Figure 1. Toll-like receptor signaling pathway

What is Toll-like receptor?

Toll-like receptors (TLRs) are a class of proteins that play a key role in innate immunity. They are single domain trans-membrane receptors belong to pattern recognition receptors (PRRs) which usually expressed in sentinel cells such as macrophages dendritic cells and many other non-immune cells such as fibroblasts and epithelial cells. They recognize structurally conserved molecules derived from microbes which are called pathogen-associated molecular patterns (PAMPs) or self-derived molecules derived from damaged cells, referred as damage associated molecules patterns (DAMPs). PAMPs include various bacterial cell wall components such as lipopolysaccharide (LPS), peptidoglycan (PGN) and lipopeptides, as well as flagellin, bacterial DNA and viral double-stranded RNA. DAMPs include intracellular proteins such as heat shock proteins as well as protein fragments from the extracellular matrix. PRRs activate downstream signaling pathways that lead to the induction of innate immune responses by producing inflammatory cytokines, type I interferon (IFN), and other mediators. These processes not only trigger immediate host defensive responses such as inflammation, but also prime and orchestrate antigen-specific adaptive immune responses. These responses are essential for the clearance of infecting microbes as well as crucial for the consequent instruction of antigen-specific adaptive immune responses.  

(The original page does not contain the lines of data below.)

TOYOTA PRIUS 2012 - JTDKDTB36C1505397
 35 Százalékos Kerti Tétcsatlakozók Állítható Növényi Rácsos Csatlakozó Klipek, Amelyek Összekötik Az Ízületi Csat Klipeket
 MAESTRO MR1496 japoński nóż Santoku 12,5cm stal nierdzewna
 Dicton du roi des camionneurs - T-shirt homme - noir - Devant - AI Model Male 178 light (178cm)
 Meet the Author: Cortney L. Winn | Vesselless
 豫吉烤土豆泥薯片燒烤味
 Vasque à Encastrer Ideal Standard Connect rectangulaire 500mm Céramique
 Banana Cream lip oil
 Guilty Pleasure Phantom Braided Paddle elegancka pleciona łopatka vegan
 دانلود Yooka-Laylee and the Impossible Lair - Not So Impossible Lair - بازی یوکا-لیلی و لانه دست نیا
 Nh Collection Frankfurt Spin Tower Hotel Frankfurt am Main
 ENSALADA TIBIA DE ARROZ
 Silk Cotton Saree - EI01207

The schematic diagram of the TLRs molecular structure

Figure 2. The schematic diagram of the TLRs molecular structure.

Toll-like receptor family

The TLR family comprises 10 members (TLR1–TLR10) in human and 12 (TLR1–TLR9, TLR11–TLR13) in mouse. TLRs localize to the cell surface or to intracellular compartments such as the ER, endosome and lysosome. Cell surface TLRs include TLR1, TLR2, TLR4, TLR5, TLR6, and TLR10, whereas intracellular TLRs are localized in the endosome and include TLR3, TLR7, TLR8, TLR9, TLR11, TLR12, and TLR13 (Figure 1). Cell surface TLRs mainly recognize microbial membrane components such as lipids, lipoproteins, and proteins. Intracellular TLRs recognize nucleic acids derived from bacteria and viruses, and also recognize self-nucleic acids in disease conditions such as autoimmunity.
The function of Toll-like receptor usually based on a dimerization process of two TLR molecules, but not always. For example, TLR-1 and TLR-2 will bind to each other to form a dimmer when recognize PAMPs molecules mainly including lipoproteins, peptidoglycans, lipotechoic acids (LTA, Gram-), zymosan, mannan, and tGPI-mucin. TLR-2 can also form a dimmer with TLR-6 when they recognize the same PAMPs listed above. TLR-4 can recognize lipopolysaccharide (LPS, Gram+) and form a homodimer with another TLR-4 molecule. TLR-5 can recognize bacterial flagellin, but they don’t form a dimmer. TLR-11 is functional in mice and mainly recognize uropathogenic bacterial. TLR-3, 7, 8, 9, 13 are expressed on the endosome surface in the cytoplasm. TLR3 recognizes viral double-stranded RNA (dsRNA), small interfering RNAs, and self-RNAs derived from damaged cells. TLR-7 is predominantly expressed in plasmacytoid DCs (pDCs) and recognizes single-stranded (ss) RNA from viruses. It also recognizes RNA from streptococcus B bacteria in conventional DCs (cDCs). TLR8 responds to viral and bacterial RNA. TLR-9 recognizes bacterial and viral DNA that is rich in unmethylated CpG-DNA motifs. TLR13 recognizes bacterial 23S rRNA and unknown components of vesicular stomatitis virus.
Although there are so many types of TLR molecule which recognize wide range of ligands, all these TLRs share a common structural framework in their extracellular, ligand-binding domains. These domains all adopt horseshoe-shaped structures built from leucine-rich repeat motifs. Typically, on ligand binding, two extracellular domains form an ‘‘m’’-shaped dimer sandwiching the ligand molecule bringing the transmembrane and cytoplasmic domains in close proximity and triggering a downstream signaling cascade (Figure 2).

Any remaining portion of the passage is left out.